### WHAT IS REQUIRED
This exercise asks for the entries to be repeated exactly, without their images.

:: MATERIAL PROVIDED

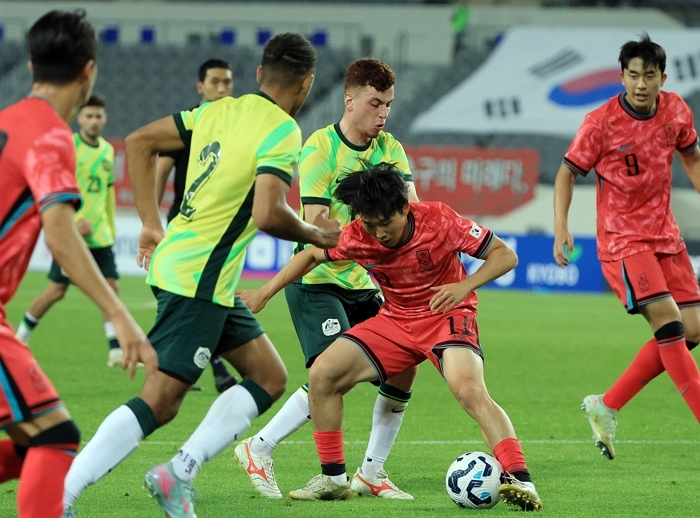 5일 오후 경기도 용인미르스타디움에서 열린 하나은행 초청 U-22 축구국가대표팀 친선경기 대한민국과 호주의 경기 / 뉴스1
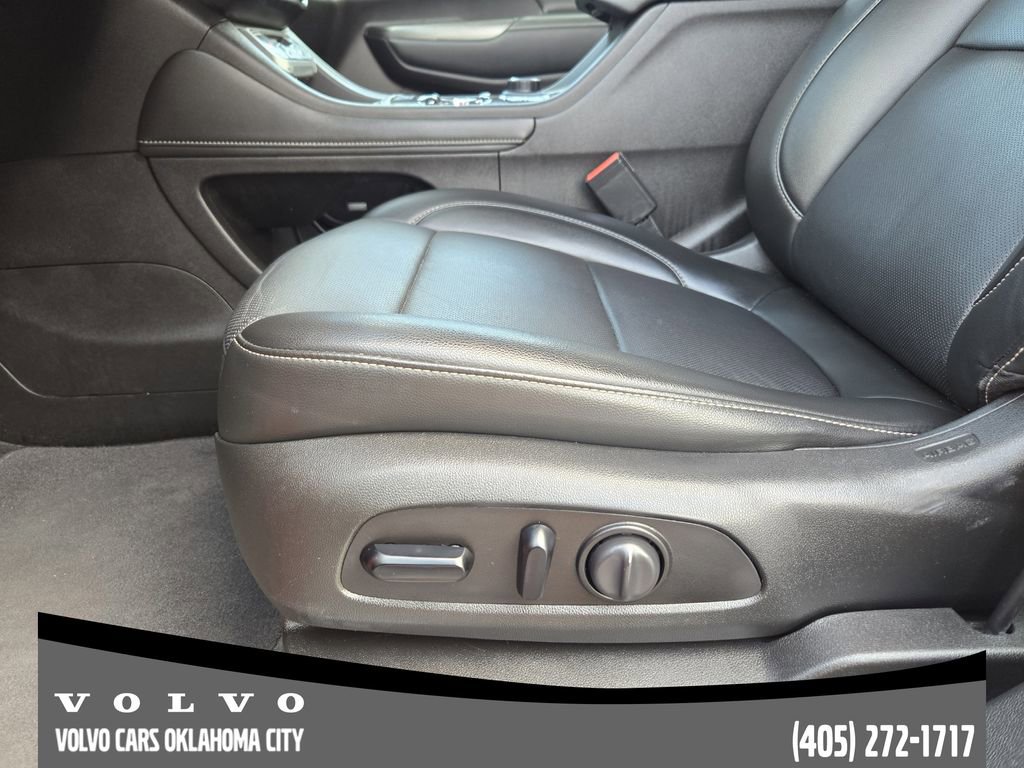 Used 2021 GMC Acadia SLT FWD image 23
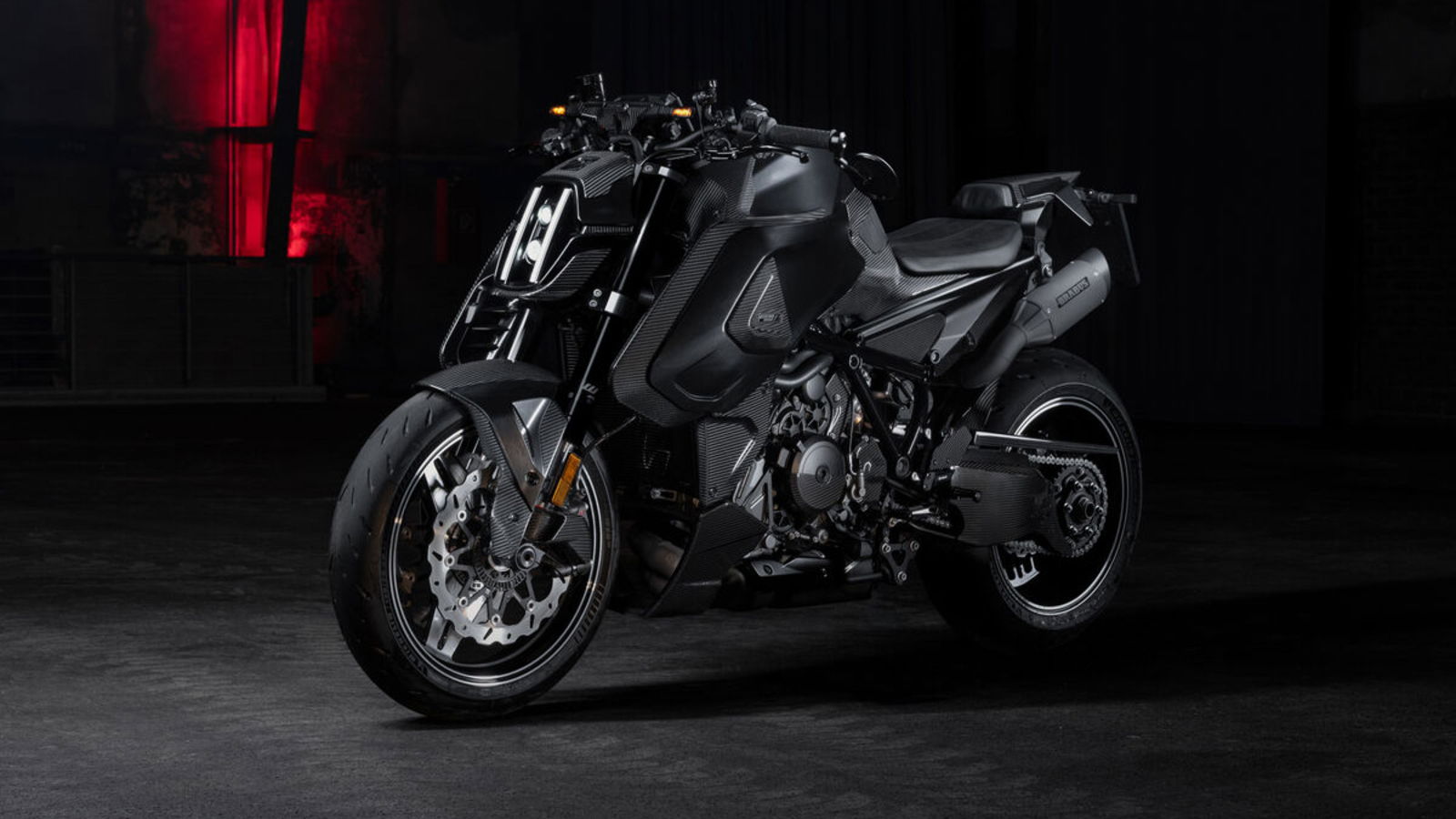 KTM fait évoluer la gamme Brabus avec le tout nouveau modèle 1400 R Signature
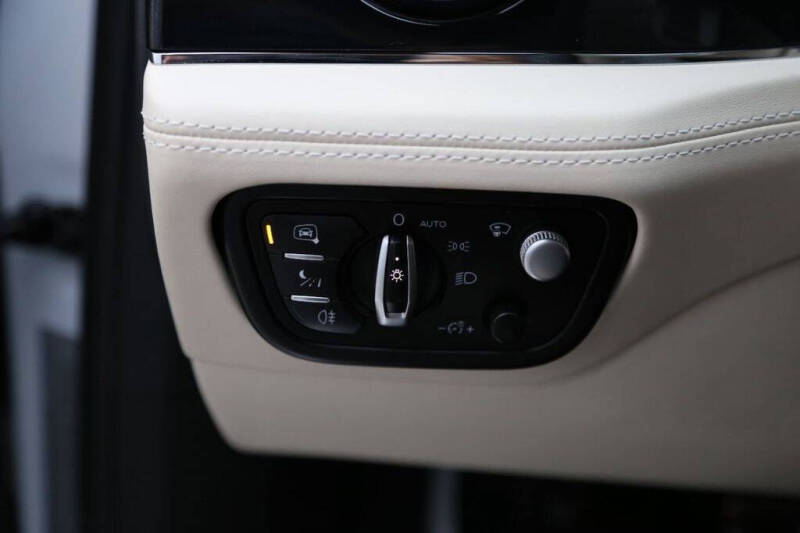 2021 Bentley Bentayga V8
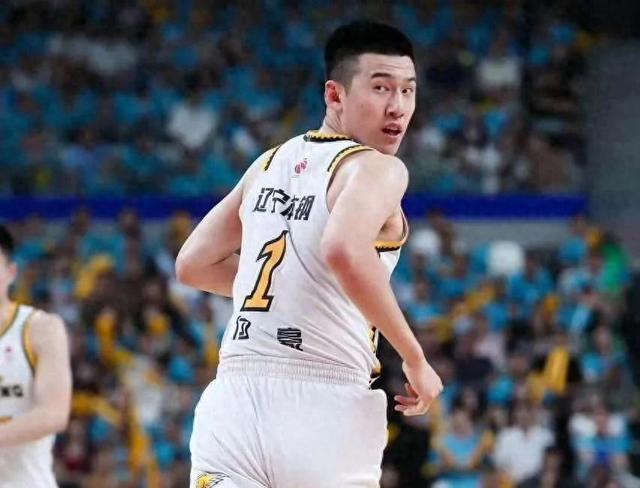 关于集结日欧篮联焦点战，辽宁本钢调整名单，球迷炸锅，资深球员宣示担当的信息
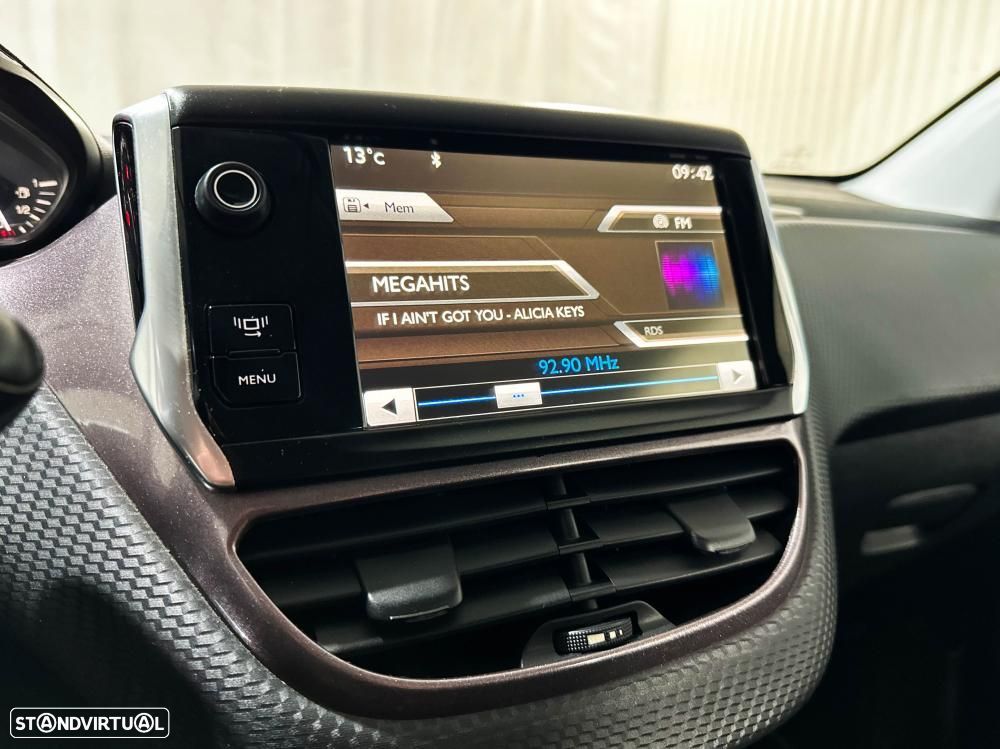 Peugeot 2008 1.6 e-HDi Allure 2-Tronic - 53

::::

### REPLY TO THE TASK
 5일 오후 경기도 용인미르스타디움에서 열린 하나은행 초청 U-22 축구국가대표팀 친선경기 대한민국과 호주의 경기 / 뉴스1
 Used 2021 GMC Acadia SLT FWD image 23
 KTM fait évoluer la gamme Brabus avec le tout nouveau modèle 1400 R Signature
 2021 Bentley Bentayga V8
 关于集结日欧篮联焦点战，辽宁本钢调整名单，球迷炸锅，资深球员宣示担当的信息
 Peugeot 2008 1.6 e-HDi Allure 2-Tronic - 53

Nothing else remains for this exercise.